The number of multiplayer games is enough to satisfy most gamers. Rush is a game involving M-COM stations (which look like big ammo boxes with computers on them) that either need to be attacked or defended. A defender team has to reach 75 kills of the attacker team without losing two M-COM stations. Attacking teams must destroy the M-COM stations without dying 75 times total. Tactics play a very important part. If you revive a fallen attacker, you increase the number of respawn tickets (because technically you added one back since the player didn’t respawn). There are usually four rounds of M-COM stations to destroy, and once a pair has been destroyed, the 75 respawn tickets are restored and the battle starts over in a different part of the map. Oh yeah, and the maps are HUGE! Conquest is a capture-the-flag game where you need to gain certain areas marked by a flag, and your respawn tickets fluctuate based on how many flags you control. The more flags you control, the more respawn tickets you gain.
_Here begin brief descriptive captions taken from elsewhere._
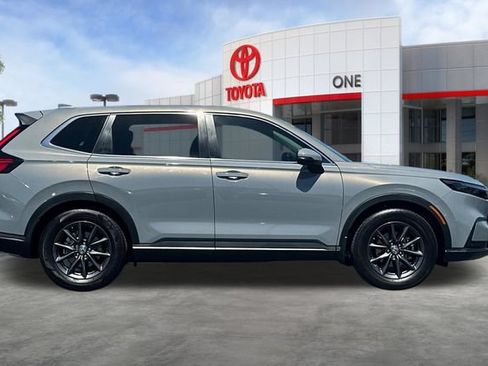 Used 2026 Honda CR-V EX-L image 3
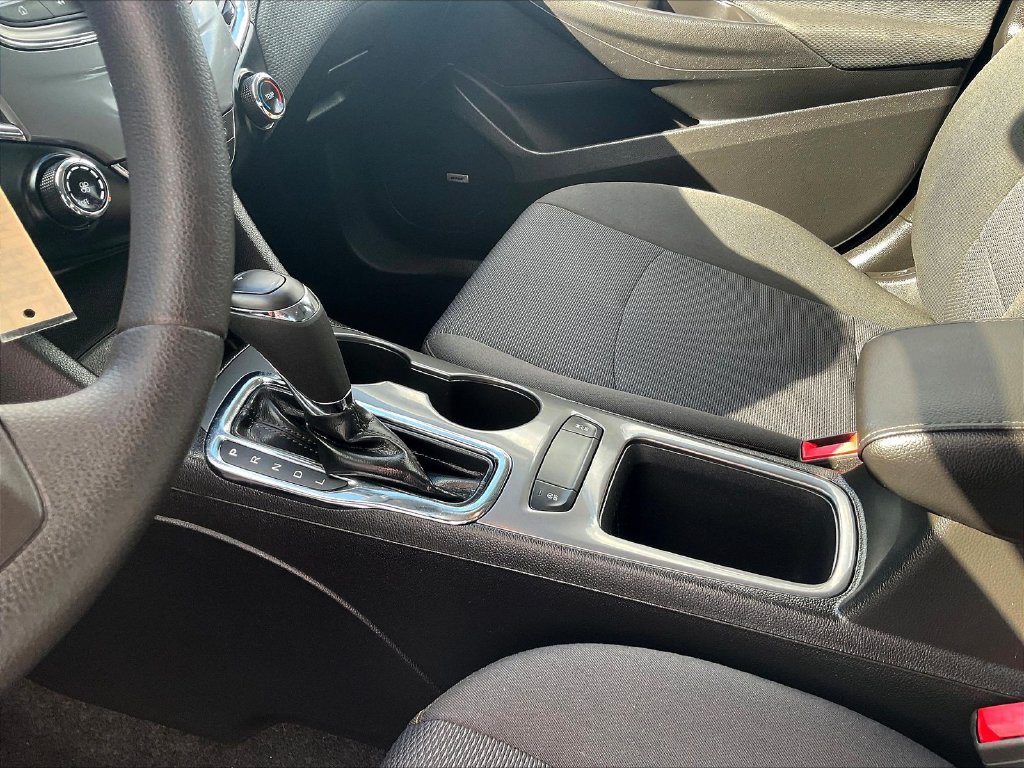 Used 2019 Chevrolet Cruze LS w/ LS Convenience Package FWD image 18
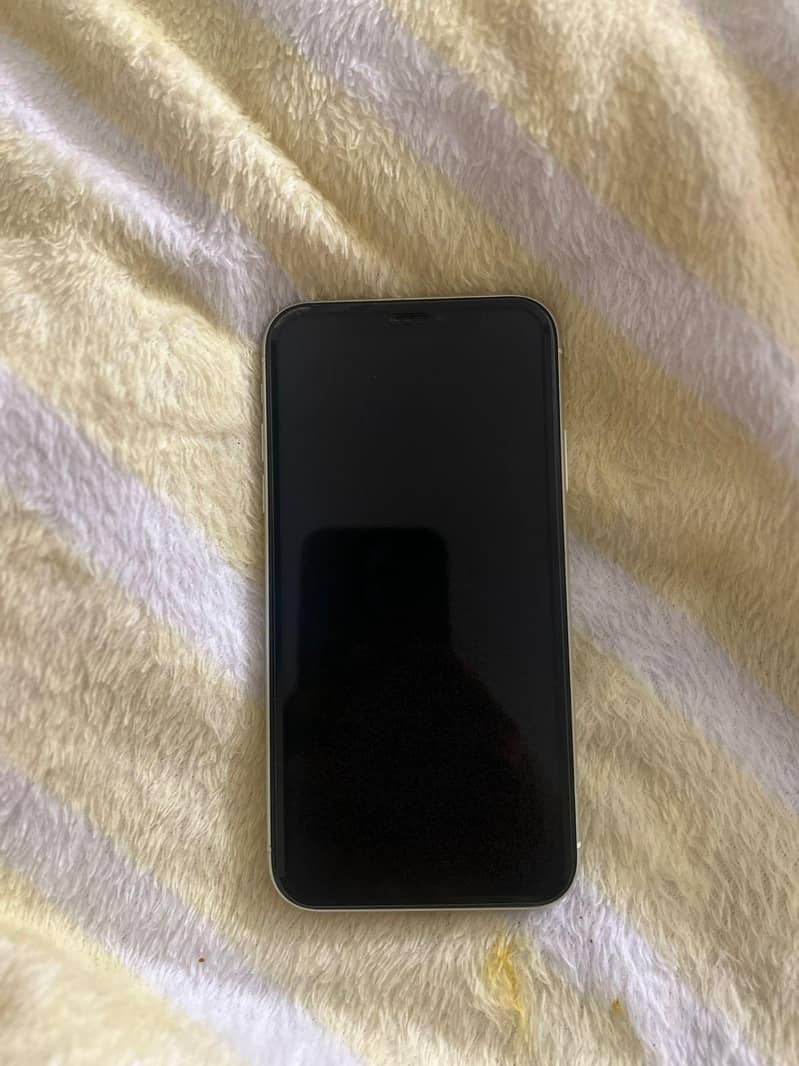 Iphone XR PTA Approved 100% Original with Box 2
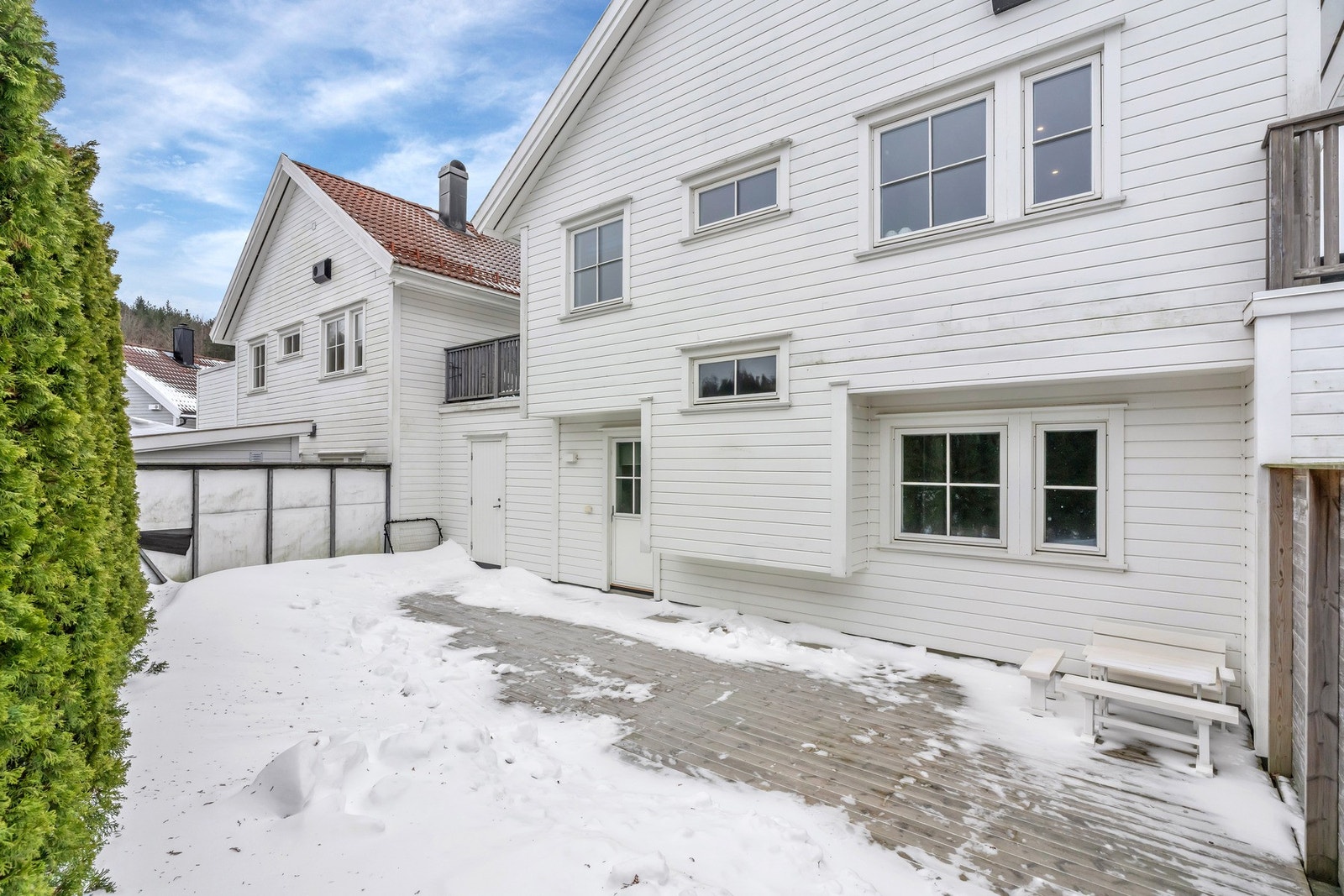 Fin uteplass på baksiden av boligen Galleribilde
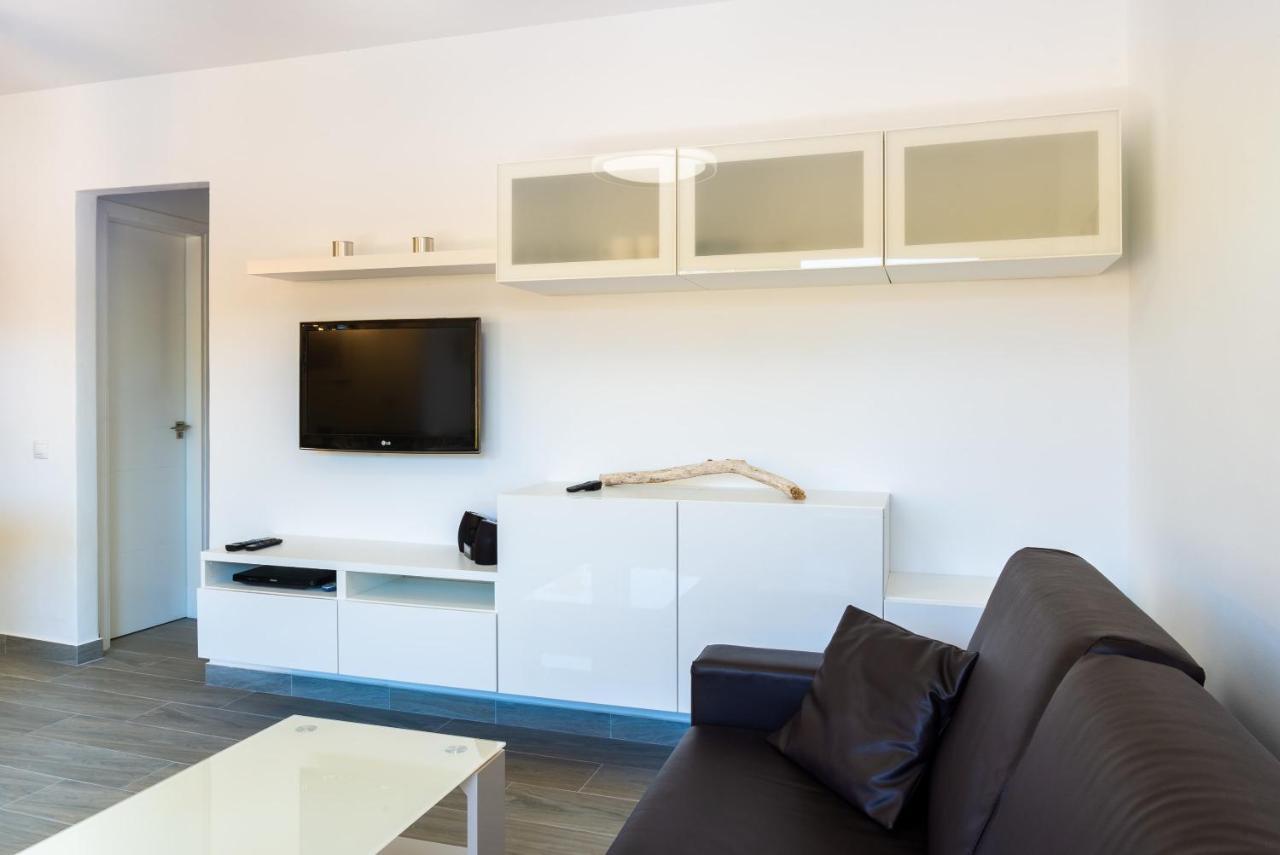 Casa Lucien - Newly Refurbished Apartment With Swimming Pool - Ideal For Couples Corralejo Luaran gambar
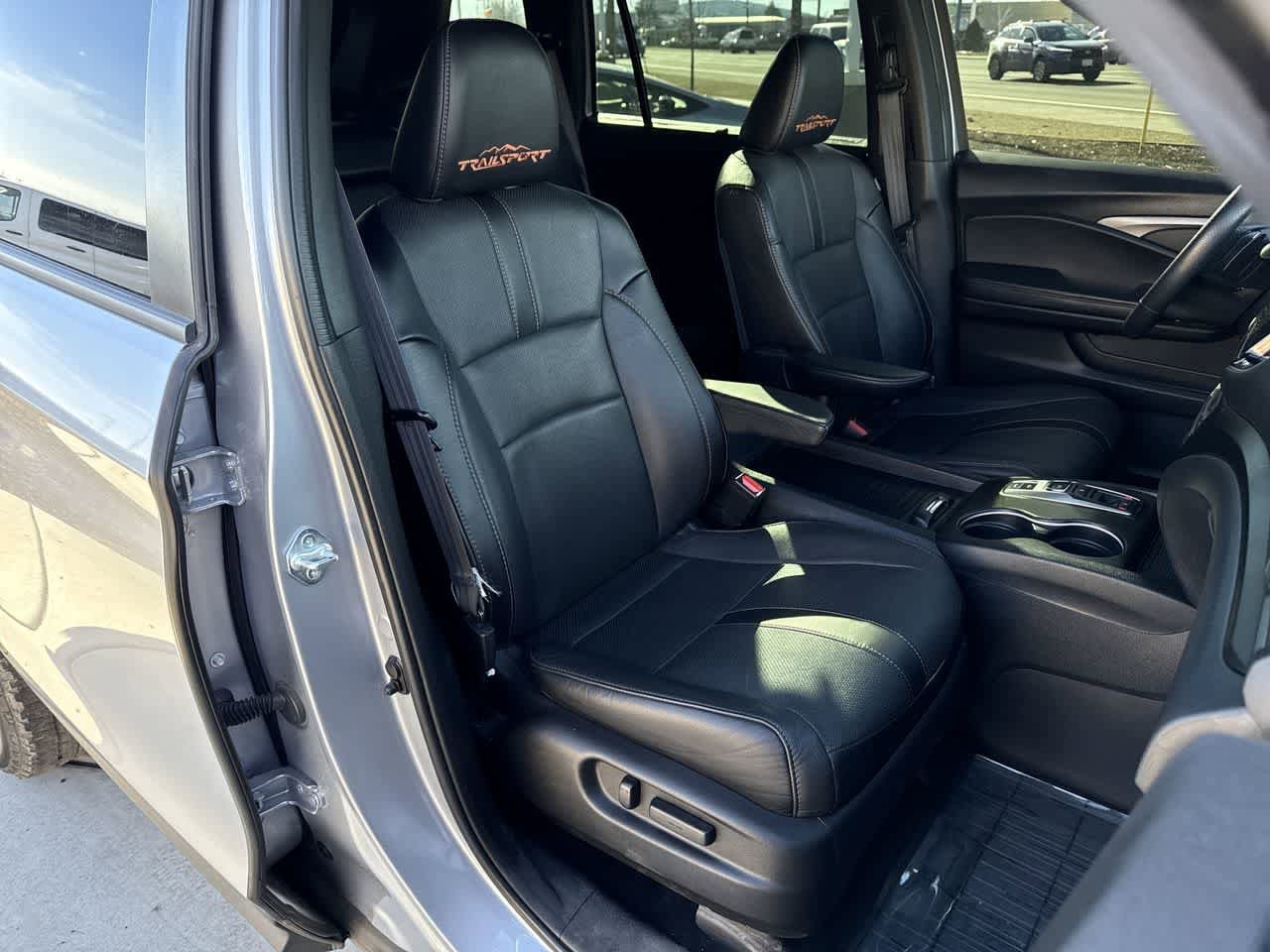 Thumbnail: 2022 Honda Passport - 14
The first team to zero tickets is the loser. Squad Rush is a much smaller version of Rush, that involved only two teams of four pitted against one another, with only 20 respawn tickets for the attackers and only one M-COM station for each of two fights. Maps are halved for this game. Onslaught is a downloadable addition which sends one squad of four to capture waypoints along the huge maps. The squad isn’t pitted against another team of players, though…the enemies are all AI bots. Finally, there is a Squad Deathmatch, which sends four squads of four against each other in a race to 50 kills. The maps are still very big for the Deathmatches. If you can get Battlefield for $20, do so. You won’t regret it. Even on the easiest difficulty, the entire game can take 18 hours to play through, and with the real physics of the Frostbite engine, the learning curve is pretty steep. One of the most amazing videos I saw on YouTube was called, “Mathematics”, and involved a player using geometry and algebra to shoot down helicopters by firing missiles into the middle of nowhere while predicting the flight paths the choppers were expected to take. DICE did a fantastic job with this one, for sure.
This is your local war correspondant, Benjamin Sloboda, signing off.